Generally, I’m a big fan of such organizations as the Freedom From Religion Foundation and Americans United for Separation of Church and State.

The former, founded in 1978, is headed by Annie Laurie Gaylor and Dan Barker, enthusiastic and principled atheists who believe that true religious freedom entails freedom from religious interference in matters of government or public goods. They carry out their mission in two main ways: through letter-writing and litigation when the establishment clause of the First Amendment to the Constitution (“Congress shall make no law respecting an establishment of religion…”) is violated, and through public awareness campaigns via social media, network news appearances, a radio show (also available as a podcast; I’m a regular listener), billboards, and ads.

The latter, founded in 1947, is headed by Reverend Barry Lynn, an ordained United Church of Christ minister. The AU pursues many of the same goals as the FFRF, also through legal and public awareness campaigns, and also with the stated mission of upholding the establishment clause. Lynn’s and the AU’s emphasis is more on freedom of religion, pointing out how the creation of a purposefully and innovatively secular government led to less religious persecution and greater freedom of conscience in the United States than had been achieved in any other Western society up to that point.

The FFRF and the AU have done a lot of good, especially when it comes to such matters as the misrepresentation of religion as science in the public school classroom, keeping government representatives from proselytizing in their official roles, and preventing religious views from infringing on certain civil rights. That’s because they do their work in a culture which strongly values religious liberty and within a system of laws that’s designed to protect it, and they do it well. However dominated by Christianity at its outset, our nation’s origins, rife with religious dissenters championing freedom of conscience, led to the United States largely abandoning its religious favoritism and oppression in favor of religious liberty.

Yet, though the religiously non-affiliated, atheists/agnostics, and those critical of political action by religious organizations are a rapidly growing demographic, it seems that the FFRF and the AU still aren’t achieving their goals as effectively as they might. For example, many government meetings still commence with sectarian prayers, private religious opinions can still trump those of the professional medical field when it comes to access to reproductive health care, organized religions can still get special tax breaks and other perks that non-religious organizations can’t get, religious charities (such as adoption agencies) can collect public money while discriminating against some citizens on religious grounds, and American officials still seem required to pepper their rhetoric with pious references to retain public favor.

How can this be? Why do the FFRF and AU fail to achieve many of their goals when our national legal and cultural commitment to religious liberty is so robust?

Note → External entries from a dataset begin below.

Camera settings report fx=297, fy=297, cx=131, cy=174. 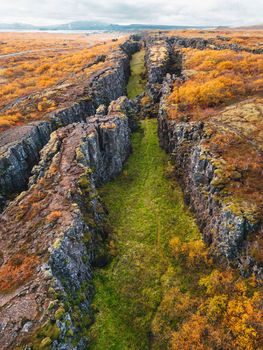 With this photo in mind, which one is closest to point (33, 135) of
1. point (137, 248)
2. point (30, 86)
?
point (137, 248)

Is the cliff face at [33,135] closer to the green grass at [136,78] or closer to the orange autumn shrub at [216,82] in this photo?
the green grass at [136,78]

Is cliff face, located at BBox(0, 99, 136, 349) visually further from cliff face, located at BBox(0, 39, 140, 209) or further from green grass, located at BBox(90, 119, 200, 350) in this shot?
cliff face, located at BBox(0, 39, 140, 209)

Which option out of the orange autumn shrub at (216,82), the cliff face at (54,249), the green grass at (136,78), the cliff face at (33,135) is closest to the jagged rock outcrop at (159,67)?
the green grass at (136,78)

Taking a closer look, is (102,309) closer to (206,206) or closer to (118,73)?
(206,206)

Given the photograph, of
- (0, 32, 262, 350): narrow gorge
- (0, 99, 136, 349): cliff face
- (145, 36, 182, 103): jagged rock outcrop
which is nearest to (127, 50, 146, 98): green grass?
(145, 36, 182, 103): jagged rock outcrop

It’s because of the simple fact that it’s impossible to separate our core beliefs, be they philosophical, scientific, skeptical, religious, or otherwise, from our politics. Politics is how we go about organizing our lives as members of society, which is always composed of people with conflicting interests and beliefs, and the positions we take on how we go about doing this are based on what we believe about justice, fairness, and our purpose in life. It makes no more sense to demand that people keep their religious beliefs out of politics than it is to demand they keep their other beliefs out, because our beliefs, whatever the source, are the catalysts for our opinions and actions. Forcing people to artificially separate only religious belief from political action or speech, then, is a form of unjustified religious discrimination, because it prevents some people, and not others, from public expression of their true beliefs specifically on religious grounds. For those who might object that religiously motivated politics serve to oppress people of other religions or of no religion, I reply that this is no more or no less true than it is of other belief-motivated politics. You can just as well say that liberals are trying to oppress conservatives because they act on their liberal beliefs, or that conservationists are trying to oppress free-market proponents because they act on their conservationist beliefs, and so on.

Well, then, what do we make of the world history of actual religious oppression, when people of some religious beliefs were oppressed by people of other religious beliefs? This, sadly, is not just a part of world history: it continues to this day, though in this country more often by individuals than by government. But I would say the problem has not been caused just by people forcing their religious beliefs on others through law. It’s more that people tried to force everyone to act and believe according to the tenets of only one religion, or of a very few. It’s not religion, per se, that’s the problem. We can recognize this when considering the history of religiously committed people who were the original champions of religious liberty in the United States. It makes no sense to say that religion in politics is always oppressive when it’s often been the case that religion in politics is what led to expanding religious and other civil liberties in the first place. The problem is the exclusivity and favoritism that some religiously-motivated politics call for.

So how do we attain full religious liberty while allowing the free expression of religion in politics?

We start answering this when we consider what religious liberty and religious freedom is is the first place. Freedom both of and from religion requires that people be able to express their beliefs and live according to them except as it limits the freedom of others to do so, and vice versa. Those laws and practices which protect our ability to enjoy religious freedom without infringing on the rights of others determine our religious liberty. While the principle of separation of church and state, which the First Amendment is often interpreted to express, is meant to protect religious liberty, I find that attempt to put this principle into practice often defeats the purpose, which is to achieve real religious freedom. Too many of the efforts to keep religion out of politics cross over or tread too close to the line between separating church from state, and end up unfairly suppressing government workers’ and political candidates’ freedom to publicly express their beliefs in their public life. This not only tramples on their civil rights, it also prevents the public from being informed of the true motivations behind the politics of their representatives.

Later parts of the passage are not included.